In Grant v. Magnolia Manor-Greenwood, Inc., No. 26668, 2009 WL 1678204 (S.C. June 15, 2009), Grant admitted his wife to the Magnolia nursing home facility. Upon admission, Grant executed the admission contract on his wife’s behalf. The contract contained a broadly-worded arbitration agreement specifying the National Health Lawyers Association, later the American Health Lawyers Association (AHLA), as the arbitration administrator.

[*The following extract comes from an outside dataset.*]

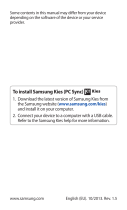Samsung GT-S7562 User manual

Grant’s wife died while a resident at Magnolia, and Grant brought suit against Magnolia for survival, wrongful death, and loss of consortium. Magnolia moved to compel arbitration and stay the judicial proceedings. Grant opposed the motion, noting that AHLA policy now forbade it from administering any arbitral proceedings for personal injury claims pursuant to a pre-dispute agreement. Although Magnolia argued that the Federal Arbitration Act (FAA) provided for the appointment of an alternate arbitrator under such circumstances, the trial court denied Magnolia’s motion.

On appeal, Magnolia alleged that the trial court erred by refusing the enforce the parties agreement, despite the AHLA’s refusal to administer the arbitration. The Court disagreed, finding that the inability or refusal of the AHLA to act in accordance with the terms of the parties’ agreement evinced a lack of a "meeting of the minds" as to "the essential and material terms of the contract."

The Court acknowledged the majority rule among courts presented with this same question that 9 U.S.C. § 5 generally allowed for the appointment of alternate arbitrators when the named arbitrator refuses to or cannot act. See Ex Parte Warren, 718 So.2d 45, 48 (Ala. 1998) (under the circumstances, a court should not void the agreement, but instead appoint an arbitrator pursuant to section 5); Brown v. ITT Consumer Fin. Corp., 211 F.3d 1217, 1220 (11th Cir. 2000) (same).

Nevertheless, the Court expressed affinity for the minority rule expressed by the Second Circuit Court of Appeals that section 5 was only meant to empower arbitral substitution in limited circumstances where the appointment fails, but the forum remains available. See In re Salomon Inc. Shareholders Derivative Litig., 68 F.3d 554, 560 (2d Cir. 1995).

However, the Court instead rested its refusal to appoint an alternate arbitrator on a finding that the designation of the AHLA as an "arbitral forum" was an essential and material term, rendering its failure fatal to the parties’ agreement. It opined that forum selection implies the waiver of rights through the forum’s streamlined procedural rules, and that waiver was not "ancillary" or "logistic." Accordingly, the Court affirmed the denial of Magnolia’s motion to compel arbitration.

Arguably, the Court in Grant allows the "essential and material term" exception to swallow the majority rule that the appointment of alternative arbitrators is allowed under section 5 of the FAA. All forum selection inherently involves the selection of some rule set that simplifies -- or in the Court’s opinion waives -- certain procedural rules. Therefore, under the Court’s interpretation, any forum selection is a "material term" upon which enforcement of the agreement depends.

In any case, the Grant opinion is clearly a strong reminder to drafting parties to 1) ensure that their selected arbitral administrator will in fact administer the types of disputes the parties will likely have, 2) specify that the selection of a particular administrator is not a essential and material term and is severable if the parties still contemplate enforcement upon the arbitral forum’s failure to refusal to administer the arbitral proceedings, and 3) review any previously executed agreements to verify that any designated administrator will continue to hear the parties’ disputes in its forum.